OK, so these are blacks against whites. We get that. But look at some of the words: Dozens OR hundreds. Which is it?

Blacks attacking whites. Why?

Then the active action verbs: kicking, shaking, pounding.

These ideas fit America’s worst nightmares: African Americans rising from the bonds of slavery to harm or kill the white man. That history, which still exists in people’s collective fears today, makes these words even more salient, providing the deeper meanings than just a few — or a lot — of people fighting.

More description (my bold):

Police from three jurisdictions – West Allis, Milwaukee and Wisconsin State Fair – spent Friday trying to piece together what happened. But they could not say what started the situation.

Witnesses, though, told the Journal Sentinel that the attacks appeared to be unprovoked and racially motivated.

“You could just tell they were after white people. That was the main thing. If you were white, they were coming after you,” said Jon Stikl of Oak Creek.

He said he was stuck in traffic as a group of young people blocked cars near the fair gate on S. 84th St. near I-94 after he picked up family members attending the fair.

“We noticed a group of five to 10 young black males run up and jump a young white male for no other reason then [sic] him being white,” Stikl said.

So these youth, always the most dangerous, are fighting for no reason.

Wait.

Cops didn’t ask anyone who they arrested why they had been fighting?
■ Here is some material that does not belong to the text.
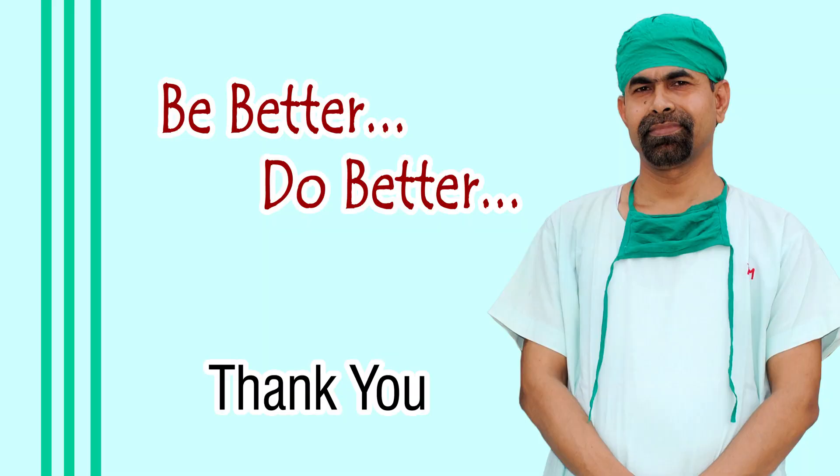Thank you very much for your attention. Hope this video will give you some tips and teach you some tricks to perform better. I wish you to be a great surgeon and serve your patients with love, respect, empathy, and great surgical competence. Thank you very much.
Did reporters seek this information from the dozens OR hundreds?

The news story makes it sound as though black kids fight for no reason and that they could erupt in violence at any time.

The comments from the eyewitnesses — who scholars and journalists know are unreliable — are left holding the answers.

But, what if someone was called a nigger? That might start a fight.

Or stole a girlfriend/boyfriend/something else. That, too, may be a reason.

Maybe people didn’t like each other. Fights start that way all of the time.

Or, having lived in a city that is so segregated — that might give some cause.

Farther down, an interesting quote (again, with my bold):

A 34-year-old Muskego man said he was riding on the Ferris wheel in the midway with one of his children when he heard shouts of “fight” sometime after 7 p.m. He saw a big group of people, perhaps 200 to 300, gathered around a brawl.

“I’ve never seen anything like this in my life. . . . There were so many people you couldn’t see who was fighting. There was just this big group that kept growing and chanting, ‘Fight, fight, fight,’ ” he said. “That lasted for one to two minutes. Then when security showed up blowing some whistles, all of this mob started running. It was like a herd of cattle.”

Here, again, the journalists’ selection of words — growing, chanting — resonate with the history of how white Americans have viewed blacks — especially young black men.

And, cattle. That makes sense, too. And while the journalists themselves are not saying this (it is in a quote by a source) the words add authority and cultural significance to the telling. These words, these quotes, are selected because they resonate with a society that already views blacks in this way. The words help the story make sense on a cultural level.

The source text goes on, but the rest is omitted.